Thérapie: beaucoup d'idées, peu de données
Aucun médicament n’a encore été autorisé pour traiter spécifiquement le covid long. «Bien sûr, nous préférerions disposer d’une thérapie qui attaque le mal à la racine,» avoue le neuroscientifique Dominique de Quervain de l’Université de Bâle. Mais rien de tel n’est en vue. C›est pourquoi la médecine recourt principalement à des substances actives ou à des traitements déjà connus. Une entreprise genevoise a ainsi mené une étude clinique avec un anticorps développé pour la sclérose en plaques – hélas, sans obtenir l’effet escompté contre la fatigue. L’Université de Bâle prévoyait une étude avec la substance active fampridine, une substance active autorisée pour la sclérose en plaques, qui pourrait aider à lutter contre les problèmes cognitifs. Mais il n’a pas été possible de recruter assez de participantes. Une étude chinoise, au cours de laquelle le microbiome de l’intestin avait été modulé avec des bactéries bénignes, a toutefois montré un effet positif contre la fatigue et les troubles de la concentration. On connaît désormais aussi quelques mesures préventives efficaces contre le covid long: la vaccination a un effet protecteur, mais on ignore si un booster annuel l’améliore.
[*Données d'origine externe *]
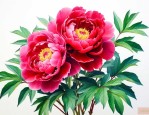 牡丹花红色有哪些品种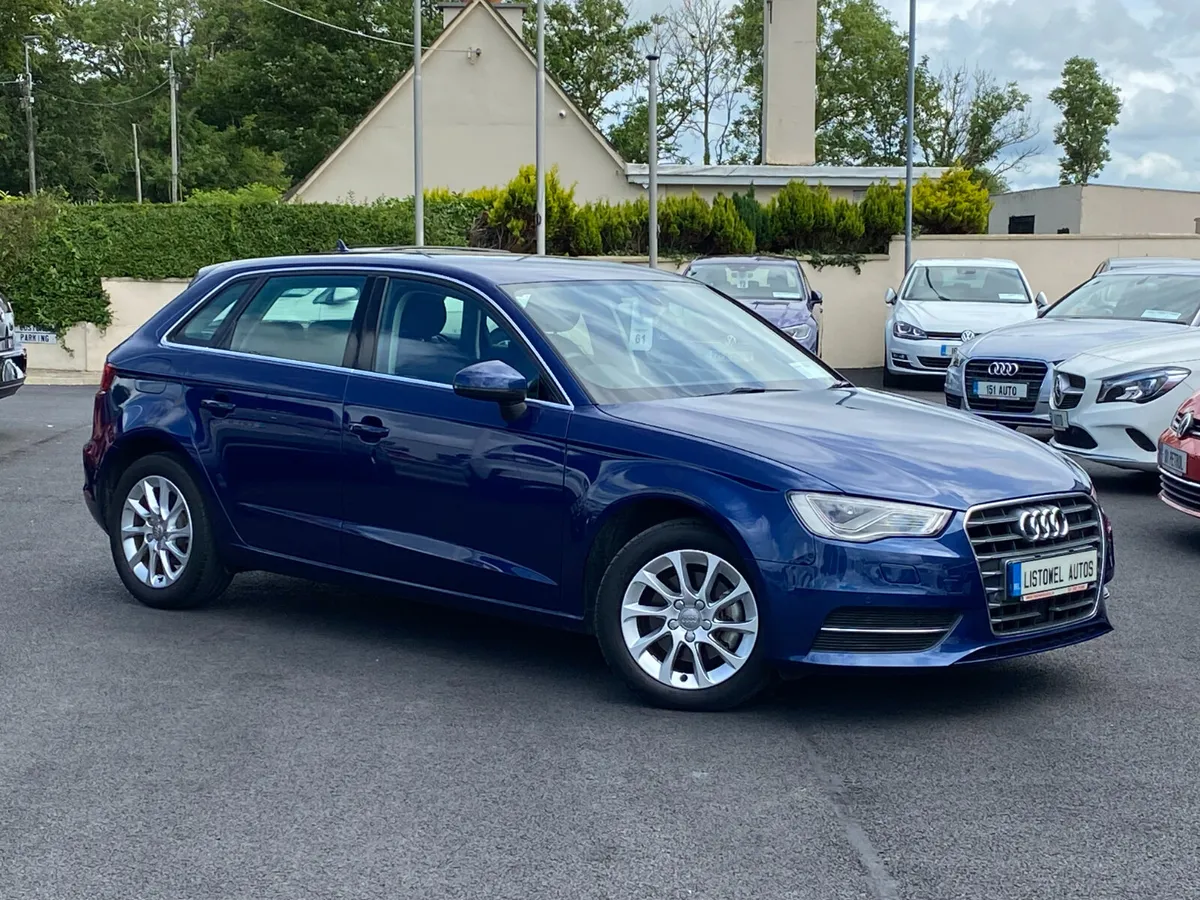152 AUDI A3 1.4 PETROL AUTO - Image 2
Quant à la metformine, utilisée pour traiter le diabète, elle réduit le risque en cas de surpoids.
L’association Long Covid Suisse dresse une liste de traitements susceptibles d’être utiles, mais qui ne reposent généralement que sur des témoignages. «Il serait judicieux de réaliser des études contrôlées à ce sujet. Cela, afin que les personnes concernées ne dépensent pas de fortes sommes pour quelque chose qui ne sert à rien», dit l’épidémiologiste Milo Puhan de l’Université de Berne. Son équipe mène actuellement une étude avec le pycnogenol, une substance naturelle, réputée anti-inflammatoire. Une étude était aussi prévue sur le «lavage de sang» – des témoignages indiquent que cette méthode, qui filtre certaines substances du sang, aide en cas de covid long. Mais le financement du projet a échoué. Milo Puhan reste néanmoins optimiste: «Les études randomisées sérieuses ont simplement besoin de temps. Et de nombreuses mesures de rééducation non pharmacologiques apportent des bénéfices avérés aux patients atteints du syndrome de covid long.»